Personal information
- Full name: Gastone Bean
- Date of birth: 11 August 1936 (age 89)
- Place of birth: San Canzian d'Isonzo, Italy
- Height: 1.69 m (5 ft 6+1⁄2 in)
- Position: Striker

Youth career
- 1952–1953: San Canzian Calcio
- 1953–1955: A.C. Milan

Senior career*
- Years: Team / Apps / (Gls)
- 1955–1960: A.C. Milan / 87 / (39)
- 1955–1956: → Piacenza (loan) / 21 / (23)
- 1960–1964: Genoa / 123 / (46)
- 1964–1967: Napoli / 45 / (10)
- 1967–1969: Spal / 22 / (2)

International career
- 1957–1958: Italy / 4 / (0)

Managerial career
- 1969–1973: Bellaria Igea
- 1973–1974: Ravenna
- 1974–1977: Cattolica
- 1980–1981: Lecco
- 1981–1983: Benevento
- 1983–1984: Barletta
- 1984–1985: Casertana
- 1986–1987: Cavese
- 1988–1989: Fasano

= Gastone Bean =

Italian footballer

Gastone Bean (/it/; born 11 August 1936) is a former Italian professional footballer who played as a striker.

==Club career==
Growing up in San Canzian d'Isonzo, he joined A.C. Milan as a youngster. He played on loan at Piacenza, scoring 23 goals in 21 games in the 1955–56 C-Series season.

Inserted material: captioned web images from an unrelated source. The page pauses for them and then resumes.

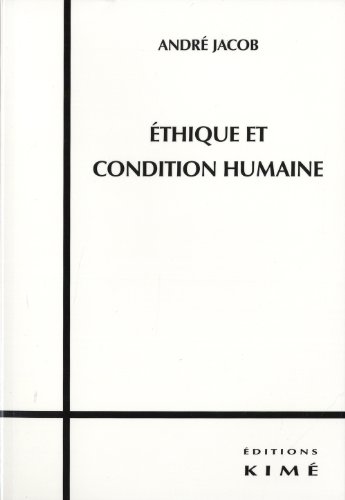 Éthique et condition humaine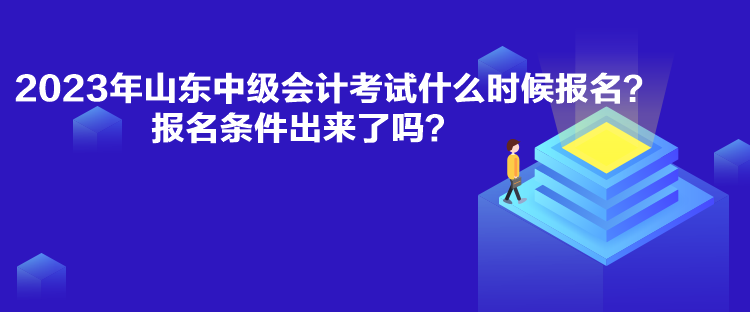 2023年山東中級會計(jì)考試什么時(shí)候報(bào)名？報(bào)名條件出來了嗎？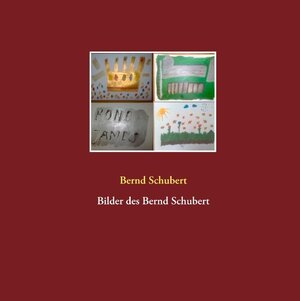 Buchcover Bilder des Bernd Schubert | Bernd Schubert | EAN 9783749456116 | ISBN 3-7494-5611-9 | ISBN 978-3-7494-5611-6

He made his Milan debut on 14 October 1956. At the end of the 1956–57 Season the Rossoneri won the title thanks to his decisive contribution of 17 goals, including the initial goal in the derby on 10 March 1957, which ended with a 1–1 draw. He was the fourth best goalscorer of the season, and was voted "favourite Champion 1957" by the Italian magazine Il calcio e il ciclismo illustrato. With Carlo Galli alternated in the role of striker, the two took up the legacy of Gunnar Nordahl, who had moved to AS Roma. In the next season he scored 10 goals, always alternating with Galli. The 1958–59 season ended with another championship title.

Despite a tally of 39 goals in four seasons, in 1960 he moved to Genoa, to be paired with Eddie Firmani. On 2 April 1961, Bean scored four goals past Novara, however, the Griffins remained in Serie B because of a penalty. The promotion came in 1961–62, when the MLS closed the season 64 goals and eleven points ahead of Naples, who finished second. Bean, deployed as a left winger, produced 20 goals. He was in Genoa for four seasons, contributing to the achievement of the Cup of the Alps in 1964 and Friendship Cup in 1963.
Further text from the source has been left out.